Paper: Propagation Networks: A Flexible and Expressive Substrate for Computation

Alexey Radul in his fascinating 174 page dissertation Propagation Networks: A Flexible and Expressive Substrate for Computation, offers to help us break free of the tyranny of linear time by arranging computation as a network of autonomous but interconnected machines. We can do this by organizing computation as a network of interconnected machines of some kind, each of which is free to run when it pleases, propagating information around the network as proves possible. The consequence of this freedom is that the structure of the aggregate does not impose an order of time. The abstract from his thesis is:
In this dissertation I propose a shift in the foundations of computation. Modern programming systems are not expressive enough. The traditional image of a single computer that has global effects on a large memory is too restrictive. The propagation paradigm replaces this with computing by networks of local, independent, stateless machines interconnected with stateful storage cells. In so doing, it offers great flexibility and expressive power, and has therefore been much studied, but has not yet been tamed for general-purpose computation. The novel insight that should finally permit computing with general-purpose propagation is that a cell should not be seen as storing a value, but as accumulating information about a value.Various forms of the general idea of propagation have been used with great success for various special purposes; perhaps the most immediate example is constraint propagation in constraint satisfaction systems. This success is evidence both that traditional linear computation is not expressive enough, and that propagation is more expressive. These special-purpose systems, however, are all complex and all different, and neither compose well, nor interoperate well, nor generalize well. A foundational layer is missing.
I present in this dissertation the design and implementation of a prototype general-purpose propagation system. I argue that the structure of the prototype follows from the overarching principle of computing by propagation and of storage by accumulating information—there are no important arbitrary decisions. I illustrate on several worked examples how the resulting organization supports arbitrary computation; recovers the expressivity benefits that have been derived from special-purpose propagation systems in a single general-purpose framework, allowing them to compose and interoperate; and offers further expressive power beyond what we have known in the past. I reflect on the new light the propagation perspective sheds on the deep nature of computation.
I really like the sound of all this, it seems like a good match for large scale distributed systems, but I have to admit in the end I didn't get it. Does anyone know of a more basic primer on this area of study?
Reader Comments (3)
I hate to be "that guy," but from reading a bit here and there of Radul's dissertation, these propagation networks seem very much analogous to Kahn Process Networks ( http://en.wikipedia.org/wiki/Kahn_process_networks ) which were defined in 1974 as a model of parallel distributed computing based on message passing over a directed graph. With respect to a programming language for such a computing architecture, there have been many languages within the category of Flow Based Programming ( http://en.wikipedia.org/wiki/Flow-based_programming ). When looking through the thesis I see no mention of Kahn Process Networks. Am I missing something?
I agree with Marko's take. Radul's dissertation is excellent--computer science dissertation's are rarely this readable; frankly, I hope a publisher takes note. In the preface, he alludes to an effort to shun the details of prior work to focus on the clarity of explanation and he does reference some prior flow-based work, but missing is a complete comparative study.
There is a good pointer to related primers in a stackoverflow post: http://stackoverflow.com/questions/1028250
Another thing missing (as far as I can see in a 10 minute read) is any discussion of how this actually improves software engineering at all. There have been a vat of constraint/unification/logic programming languages that have all foundered on the inherent difficult in writing reliable software. All made huge claims and, except in a very few exceptional cases, all have failed to deliver due to the extraordinary difficulty in comprehension of large programs written in these styles.

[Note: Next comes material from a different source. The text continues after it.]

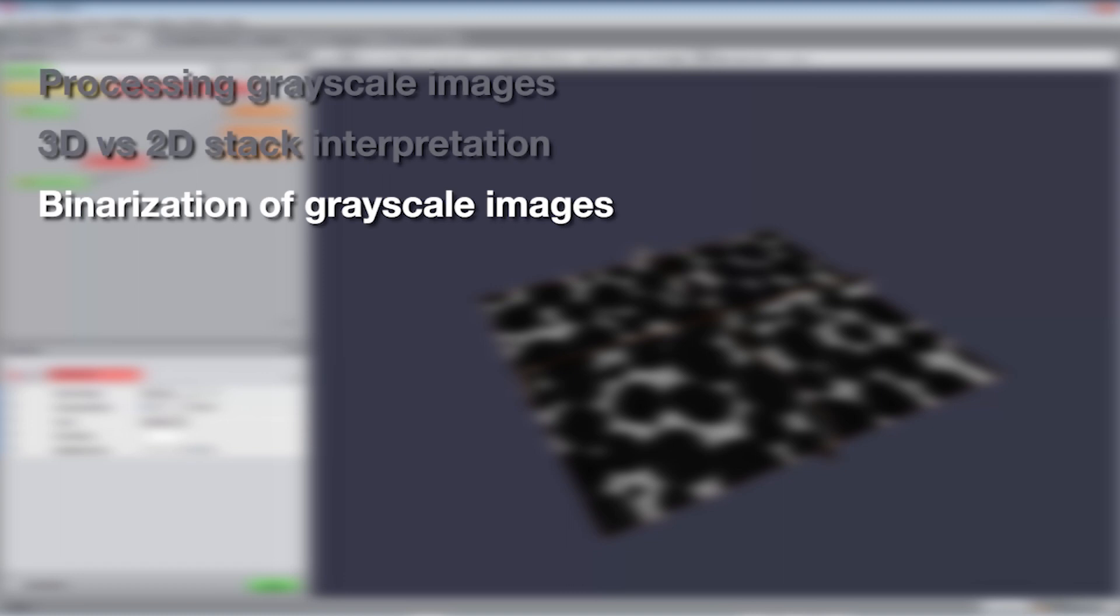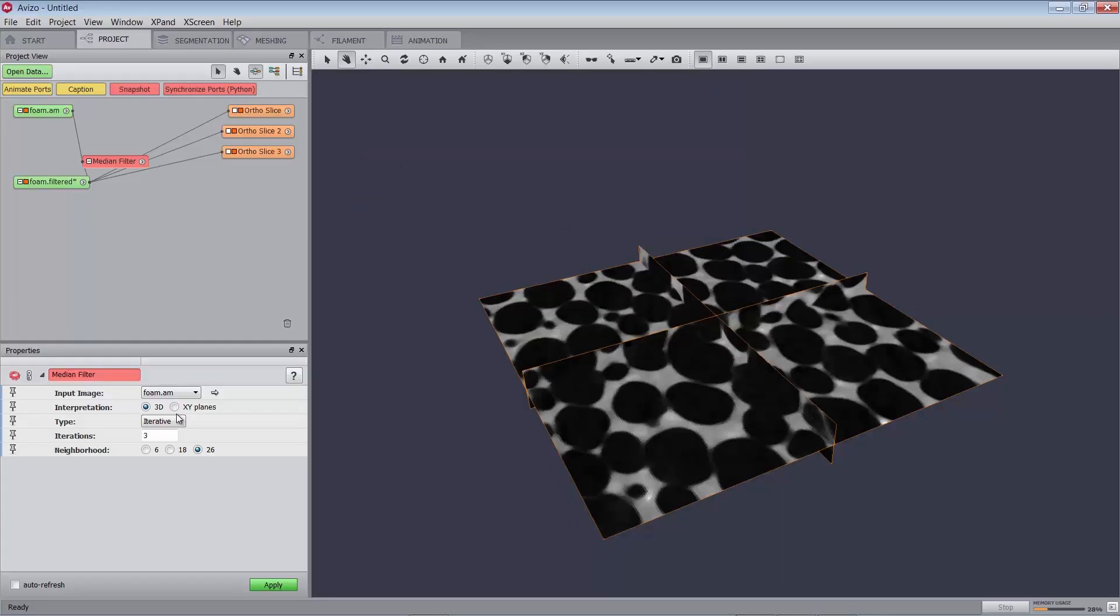Binarization means transforming a grayscale image into a binary image, that is, a label image with only interior and exterior materials. Threshold binarization is used when the relevant information in the grayscale image corresponds to a specific gray level interval. Thresholding is a simple segmentation method. More sophisticated automatic, semi-automatic, or manual segmentation tools are also available in Amira and Aviso.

A great example of this difficulty in reliable program can be found in spreadsheets. It is enormously difficult to actually validate that a spreadsheet does what is intended and it is very, very common to find huge errors in large spreadsheets. Small UI changes like highlighting antecedents help, but the fundamental problem of validation by inspection remains.
Propagation networks are like this, but to an extraordinarily greater degree because we now have to reason not only about a huge number of tiny programs all executing asynchronously, we also have to worry about unbounded interaction effects.